One of the notable and very interesting factors in the fiction is the “writing in a resolutely vernacular voice” in which the language is a popular non-standard working class dialect. This has been done with great success by novelists such as James Kellman and Irvine Welsh, leading Ritchie to remark that “the working class context of much contemporary Scottish literature has been so distinctive”. He ends up by admitting, “To tell the truth, though, like everyone else I don’t really know why or how Scottish writing has so many great talents”.
Foremost among these great talents is surely Carol Ann Duffy, who is the best known Scottish poet represented in this anthology. In fact, she is among the leading and most established poets in Great Britain as a whole and lives in London at the centre of English Literature. She was appointed English Poet Laureate in 2009, has won a number of literary prizes, and is a professor of poetry at Manchester Metropolitan University.

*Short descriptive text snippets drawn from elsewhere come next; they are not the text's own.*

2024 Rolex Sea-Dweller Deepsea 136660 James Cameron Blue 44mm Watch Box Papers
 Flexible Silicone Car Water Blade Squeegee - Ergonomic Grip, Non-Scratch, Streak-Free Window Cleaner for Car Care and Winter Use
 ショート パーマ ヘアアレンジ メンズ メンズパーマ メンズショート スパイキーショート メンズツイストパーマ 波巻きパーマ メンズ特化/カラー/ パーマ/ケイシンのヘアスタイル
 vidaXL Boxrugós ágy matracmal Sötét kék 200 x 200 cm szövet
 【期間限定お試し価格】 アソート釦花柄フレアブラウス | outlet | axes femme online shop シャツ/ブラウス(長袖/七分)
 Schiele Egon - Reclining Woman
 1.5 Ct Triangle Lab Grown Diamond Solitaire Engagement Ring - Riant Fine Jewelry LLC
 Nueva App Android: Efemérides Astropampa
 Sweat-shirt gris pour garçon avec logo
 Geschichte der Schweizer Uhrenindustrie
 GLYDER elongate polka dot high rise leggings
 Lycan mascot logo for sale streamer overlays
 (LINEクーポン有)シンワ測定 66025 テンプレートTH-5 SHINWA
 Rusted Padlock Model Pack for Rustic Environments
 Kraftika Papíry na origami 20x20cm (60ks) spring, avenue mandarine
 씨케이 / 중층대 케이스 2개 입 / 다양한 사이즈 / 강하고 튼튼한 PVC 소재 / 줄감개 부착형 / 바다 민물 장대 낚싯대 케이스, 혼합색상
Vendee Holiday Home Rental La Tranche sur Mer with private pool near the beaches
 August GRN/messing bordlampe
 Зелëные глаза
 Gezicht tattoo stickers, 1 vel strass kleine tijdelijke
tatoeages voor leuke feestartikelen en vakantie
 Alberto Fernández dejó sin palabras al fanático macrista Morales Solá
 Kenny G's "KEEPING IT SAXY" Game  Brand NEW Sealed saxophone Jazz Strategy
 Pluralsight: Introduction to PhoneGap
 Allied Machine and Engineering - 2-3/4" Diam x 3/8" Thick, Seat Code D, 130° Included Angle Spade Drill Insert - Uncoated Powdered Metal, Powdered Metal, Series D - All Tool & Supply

The selected poem reflects the work celebrated in New Scottish Writing. In “Mrs Quasimodo’s Divorce” the persona narrates in colourful language (not included in these parts of the poem) the break-up of her marriage to the local cathedral bellringer due to his changed attitude and ill-treatment, and the revenge she extracts by dismantling his church bells. There is a sense of gender related injustice, a personification of the bells and a brief intertextual reference to Edgar Allan Poe in “The bells. The bells. /I made them mute”. She silences Poe’s overpowering bells which represents so many different personalities and terrors.
But just how different is today’s Scottish literature from the traditions of old? Surely some of the greatest contributions to British literature are the old Scottish ballads, which were the oral literature of the folk. Burns was the greatest poet from Scotland, one of the stalwarts of English literature, who wrote in the vernacular and drew from the oral poetry collected in the field. Among his work is much of the language and voice seen in these new writers of Scotland.